AI has gone through a lot of stages of “only X can be done by a human”-> “X is done by AI” -> “oh, that’s just some engineering, that’s not really human” or “no longer in the category of mystical things we can’t explain that a human can do”.
LLM is just the latest iteration of, “wow it can do this amazing human only thing X (write a paper indistinguishable from a human)” -> “doh, it’s just some engineering (it’s just a fancy auto complete)”.
Just because AI is a bunch of linear algebra and statistics does not mean the brain isn’t doing something similar. You don’t like terminology, but how is re-enforcement “Learning”, not exactly the same as reading books to a toddler and pointing at a picture and having them repeat what it is?
Start digging into the human with the same engineering view, and suddenly it also just become a bunch of parts. Where is the human in the human once all the human parts are explained like an engineer would. What would be left? The human is computation also, unless you believe in souls or other worldly mysticism. So why not think eventually AI as computation can be equal to human.
Just because Github CoPilot can write bad code, isn't a knock on AI, it's real, a lot of humans write bad code.
But I can’t fully get on board with this:
> but how is re-enforcement “Learning”, not exactly the same as reading books to a toddler and pointing at a picture and having them repeat what it is? Start digging into the human with the same engineering view, and suddenly it also just become a bunch of parts. Where is the human in the human once all the human parts are explained like an engineer would.
The parent teaching a toddler bears some vague resemblance to machine learning, but the underlying results of that learning (and the process of learning itself) could not be any more different.
More problematic than this, while you may be correct that we will eventually be able to explain human biology with the precision of an engineer, these recent AI advances have not made meaningful progress towards that goal, and such an achievement is arguably many decades away.
It seems you are concluding that because we might eventually explain human biology, we can draw conclusions now about AI as if such an explanation had already happened.
This seems deeply problematic.
AI is “real” in the sense that we are making good progress on advancing the capabilities of AI software. This does not imply we’ve meaningfully closed the gap with human intelligence.
It does seem like on HN, the audience is heavily weighted towards software developers that are not biologist, and often cannot see the forest for the trees. They know enough about AI programming to dismiss the hype, and not enough about biology, and miss that this is pretty amazing.
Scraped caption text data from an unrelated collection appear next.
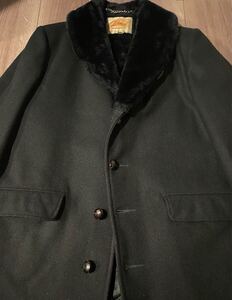 DEADSTOCK 黒　50s〜LAKELAND ALL BLACK PHARAOH COAT SIZE42 ファラオコート　ギャングコート　胡桃ボタン　ウール(検　30s 40s 60s )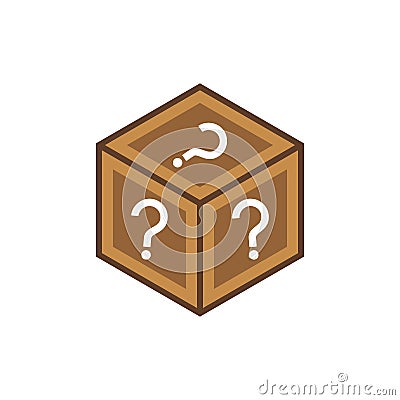 Mystery box icon vector. random loot box flat vector icon for games and apps Vector Illustration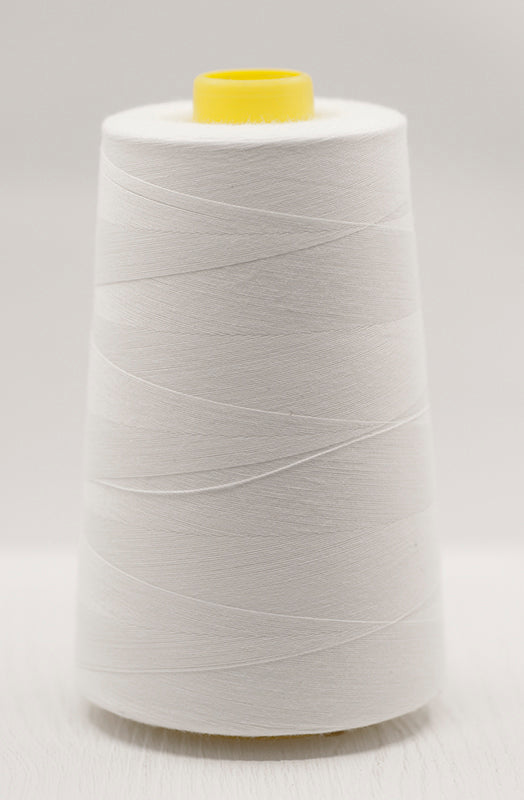 White overlocker cone of thread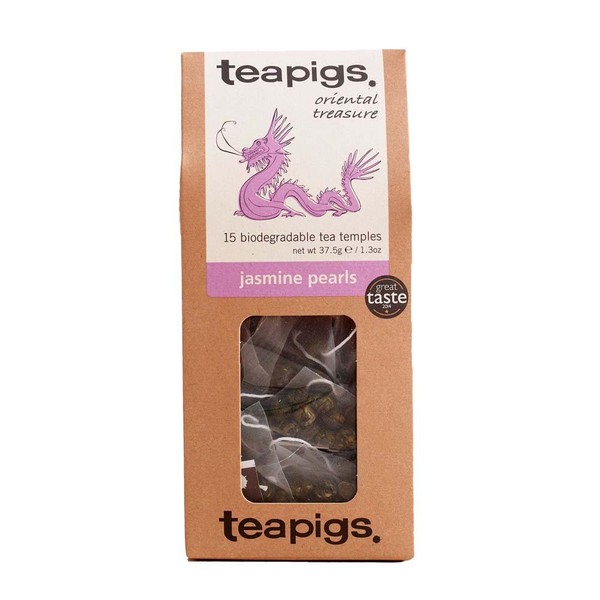 teapigs Jasmine Pearls Green Tea Bags, 15 Count, Rolled Pearls of Green Tea & Whole Jasmine Flowers, Biodegradable Tea Bag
The understanding of the human ‘parts’ are being chipped away, just as quickly as we have had breakthroughs in AI. These fields are starting to converge and inform each other. I’m saying this is happening fast enough that the end game is in sight, humans are just made of parts, an engineering problem that will be solved.
Free will and consciousness are overrated, we think of ourselves as having some mystically exceptional consciousness, which clouds the credit we give advancements in AI. ‘AI will never be able to equal a human’, when humans just want lunch, and our ‘free will’ is based on how much sleep we got. DNA is a program; it builds the brain that is just responding to inputs. Read some Robert Sapolsky, human reactions are just hormones, chemicals, responding to inputs. We will eventually have an AI that mimics a human because humans aren’t that special. Even if the function of every single molecule in the body, or every equation in AI, is all fully mapped out, enough is to stop claiming 'specialness'.
In your opinion, how wide is this gap? To claim that it is closing at a meaningful pace brings the implication that we understand the width. Has anyone made a credible claim that we actually understand the width of the gap?
> The understanding of the human ‘parts’ are being chipped away, just as quickly as we have had breakthroughs in AI.
This is a thinking trap. Without an understanding or definition of the breadth of the problem space, both fields could be making perfectly equivalent progress and it would still imply nothing regarding the width of the gap or the progress made closing it.
> These fields are starting to converge and inform each other.
Collaboration does not imply anything more than the existence of cooperation across fields. Do you have specific examples where the science itself is converging?
My understanding is that our ability to comprehend neural processes is still so limited that researchers focus on the brains of worms (e.g. a flatworm’s 53 neurons), and we still don’t understand how they work.
> and at this point it is only a matter of time, the end can be seen
Who is claiming we have any notion of being close enough to see the end? Most experts on the cutting edge cite the enormous distance yet to be covered.
I’m not claiming the progress made isn’t meaningful by itself. I’m struggling with your claim that we have any idea how much further we have to go.
Landing rovers on Mars is a huge achievement, but compared to the array of advancements required to colonize space, it seems like just a small step forward in comparison.